_THE TASK:_ Instruction for the data below: set down exactly the lines from the line with "皆さん熊鈴🔔装着してましたが…" to the line with "世界杯巡礼澳大利亚团队协作与老将合力创造足球奇迹", inclusive, and no others.

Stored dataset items
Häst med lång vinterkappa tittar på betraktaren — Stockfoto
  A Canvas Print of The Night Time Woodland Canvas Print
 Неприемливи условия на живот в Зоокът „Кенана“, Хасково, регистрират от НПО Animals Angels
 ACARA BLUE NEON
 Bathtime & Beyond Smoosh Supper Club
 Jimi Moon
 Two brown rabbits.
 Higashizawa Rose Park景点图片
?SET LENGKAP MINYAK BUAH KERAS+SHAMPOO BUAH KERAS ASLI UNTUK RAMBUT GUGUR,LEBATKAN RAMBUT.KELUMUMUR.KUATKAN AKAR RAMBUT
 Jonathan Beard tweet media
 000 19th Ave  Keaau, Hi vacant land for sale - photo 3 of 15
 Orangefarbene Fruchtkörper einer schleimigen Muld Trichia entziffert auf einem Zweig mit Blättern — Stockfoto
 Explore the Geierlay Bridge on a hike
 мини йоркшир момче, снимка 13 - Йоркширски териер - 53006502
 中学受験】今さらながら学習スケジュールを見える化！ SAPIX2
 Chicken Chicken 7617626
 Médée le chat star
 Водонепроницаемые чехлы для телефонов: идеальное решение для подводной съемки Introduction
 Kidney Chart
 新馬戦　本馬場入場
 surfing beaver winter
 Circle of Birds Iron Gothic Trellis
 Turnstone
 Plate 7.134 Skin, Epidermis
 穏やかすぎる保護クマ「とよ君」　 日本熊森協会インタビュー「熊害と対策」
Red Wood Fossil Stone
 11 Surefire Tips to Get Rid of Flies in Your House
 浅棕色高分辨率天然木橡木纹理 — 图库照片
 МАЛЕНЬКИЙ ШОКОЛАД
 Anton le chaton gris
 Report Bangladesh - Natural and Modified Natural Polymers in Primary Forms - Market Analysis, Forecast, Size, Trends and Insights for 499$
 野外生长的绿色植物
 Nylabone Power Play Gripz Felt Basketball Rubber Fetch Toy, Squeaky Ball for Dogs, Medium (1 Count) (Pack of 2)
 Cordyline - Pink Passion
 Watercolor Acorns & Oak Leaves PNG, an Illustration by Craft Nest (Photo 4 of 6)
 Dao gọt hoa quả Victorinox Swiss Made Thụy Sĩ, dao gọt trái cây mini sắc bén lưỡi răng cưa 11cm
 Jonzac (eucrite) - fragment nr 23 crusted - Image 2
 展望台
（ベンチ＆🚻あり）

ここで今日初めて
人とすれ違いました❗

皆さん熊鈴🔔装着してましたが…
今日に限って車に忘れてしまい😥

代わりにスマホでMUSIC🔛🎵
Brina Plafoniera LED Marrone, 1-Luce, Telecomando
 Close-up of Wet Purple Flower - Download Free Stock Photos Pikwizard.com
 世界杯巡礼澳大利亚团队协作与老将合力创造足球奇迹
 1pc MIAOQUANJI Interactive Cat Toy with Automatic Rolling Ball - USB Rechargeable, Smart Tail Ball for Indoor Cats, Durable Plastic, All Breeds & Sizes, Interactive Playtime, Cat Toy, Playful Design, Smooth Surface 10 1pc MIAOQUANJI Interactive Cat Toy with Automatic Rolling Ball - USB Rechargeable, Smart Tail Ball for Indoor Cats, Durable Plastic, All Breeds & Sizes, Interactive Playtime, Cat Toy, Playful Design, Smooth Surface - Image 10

_TASK RESULT:_
皆さん熊鈴🔔装着してましたが…
今日に限って車に忘れてしまい😥

代わりにスマホでMUSIC🔛🎵
Brina Plafoniera LED Marrone, 1-Luce, Telecomando
 Close-up of Wet Purple Flower - Download Free Stock Photos Pikwizard.com
 世界杯巡礼澳大利亚团队协作与老将合力创造足球奇迹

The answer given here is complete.